Source records:

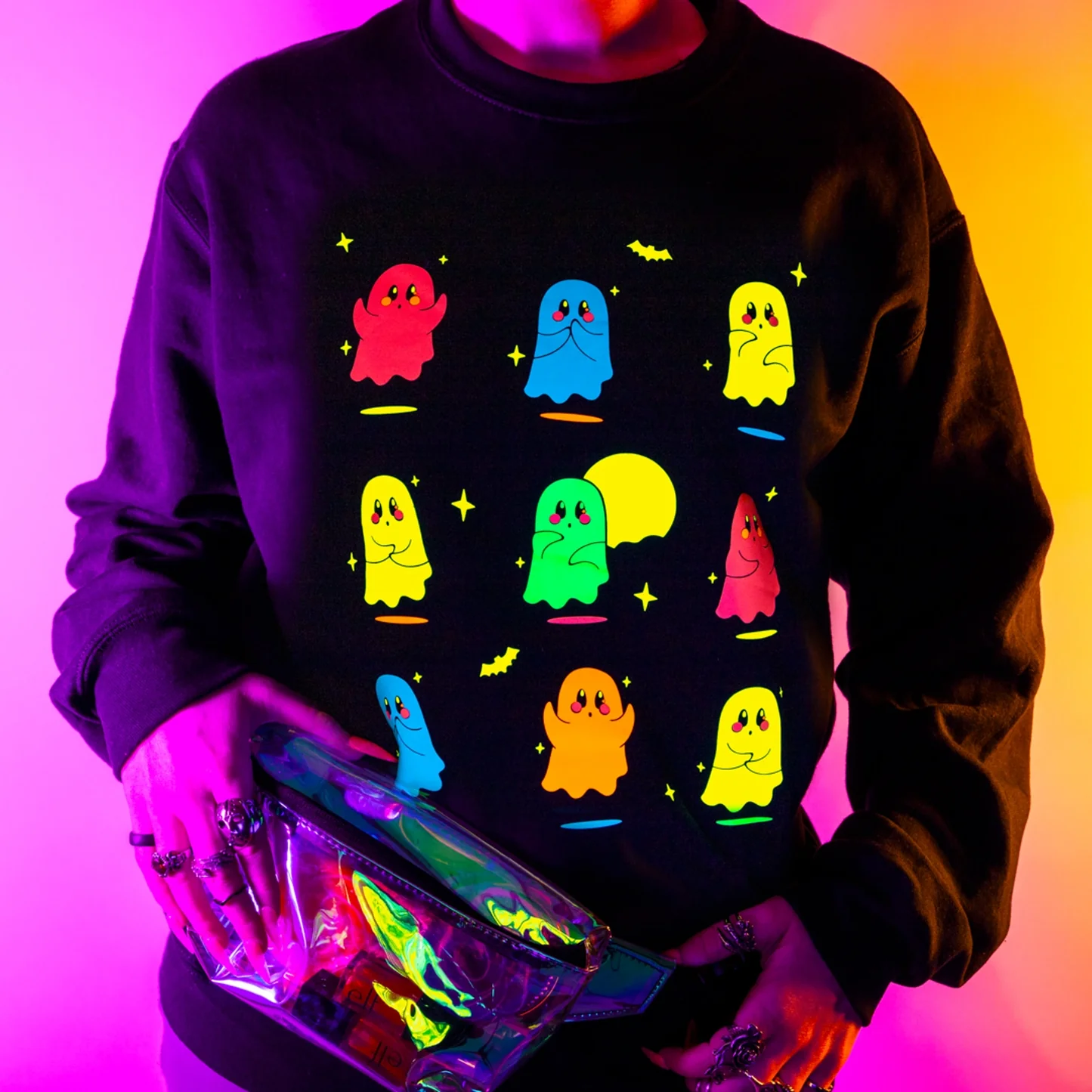Person wearing a black sweatshirt with colorful ghost designs on a gradient background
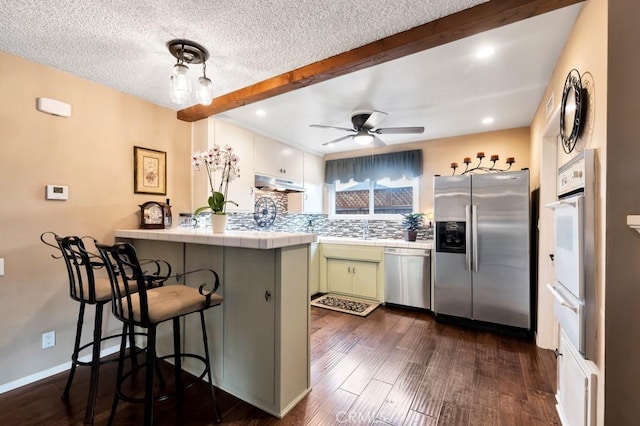 kitchen featuring appliances with stainless steel finishes, tasteful backsplash, green cabinetry, a kitchen bar, and kitchen peninsula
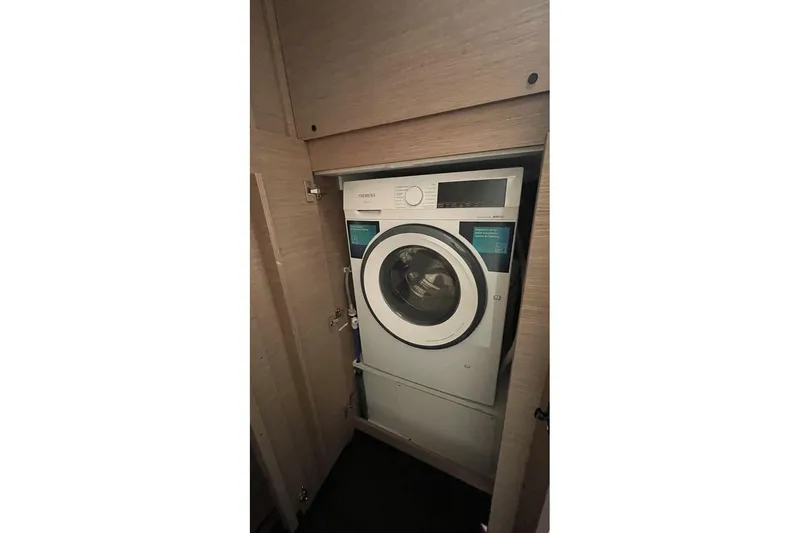 Maeva Yacht Photos Pics Washing machine inside 2023 Fountaine Pajot Catamaran Aura 51, compact and efficient design.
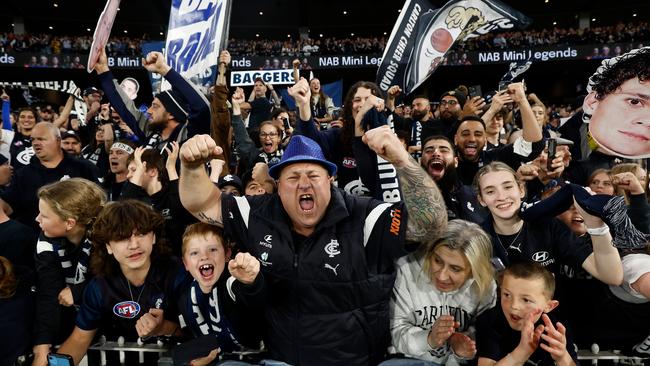 Blues fans celebrate the team’s nailbiting two-point win over Melbourne at the MCG on Friday night. Picture: Getty Images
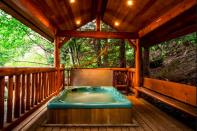 <p>Escape to the outdoor hot tub after most people are alseep. It’s covered, for shelter — and privacy. (Airbnb) </p>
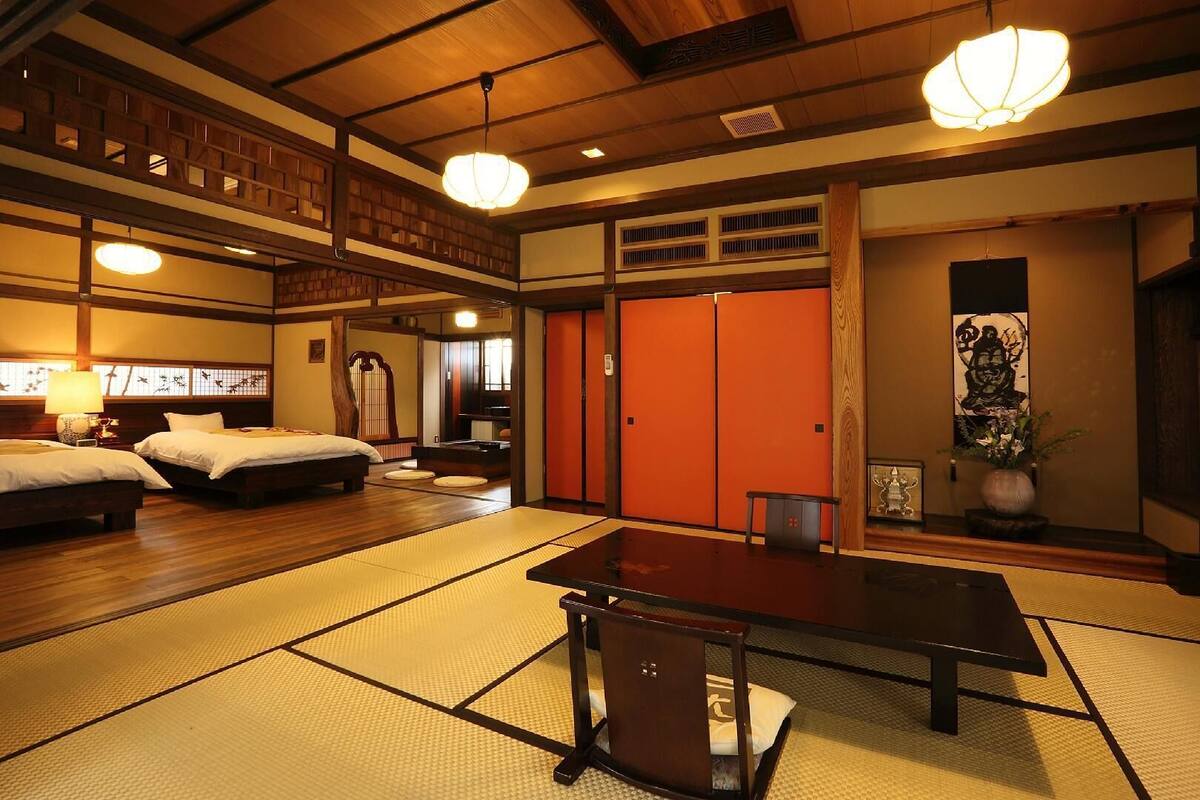 Ein traditionell gestalteter japanischer Raum mit Tatami-Boden, niedrigem Tisch und zwei Betten, sowie verschiebbaren Türen.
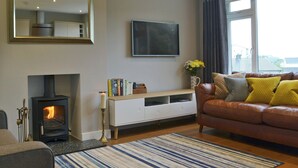 A living room with a fireplace, a sofa, a TV, and a window. - 3 bedroom accommodation in Ambleside (Ambleside)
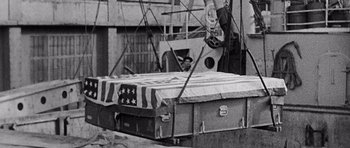 Movie still from “Biloxi Blues” (1988), directed by Mike Nichols – A black and white photo of a man standing next to an american flag bed; Wide shot, High angle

■ Problem to solve
All that is needed is an exact copy of the entries above, minus the pictures.

■ Output
Person wearing a black sweatshirt with colorful ghost designs on a gradient background
 kitchen featuring appliances with stainless steel finishes, tasteful backsplash, green cabinetry, a kitchen bar, and kitchen peninsula
 Maeva Yacht Photos Pics Washing machine inside 2023 Fountaine Pajot Catamaran Aura 51, compact and efficient design.
 Blues fans celebrate the team’s nailbiting two-point win over Melbourne at the MCG on Friday night. Picture: Getty Images
 <p>Escape to the outdoor hot tub after most people are alseep. It’s covered, for shelter — and privacy. (Airbnb) </p>
 Ein traditionell gestalteter japanischer Raum mit Tatami-Boden, niedrigem Tisch und zwei Betten, sowie verschiebbaren Türen.
 A living room with a fireplace, a sofa, a TV, and a window. - 3 bedroom accommodation in Ambleside (Ambleside)
 Movie still from “Biloxi Blues” (1988), directed by Mike Nichols – A black and white photo of a man standing next to an american flag bed; Wide shot, High angle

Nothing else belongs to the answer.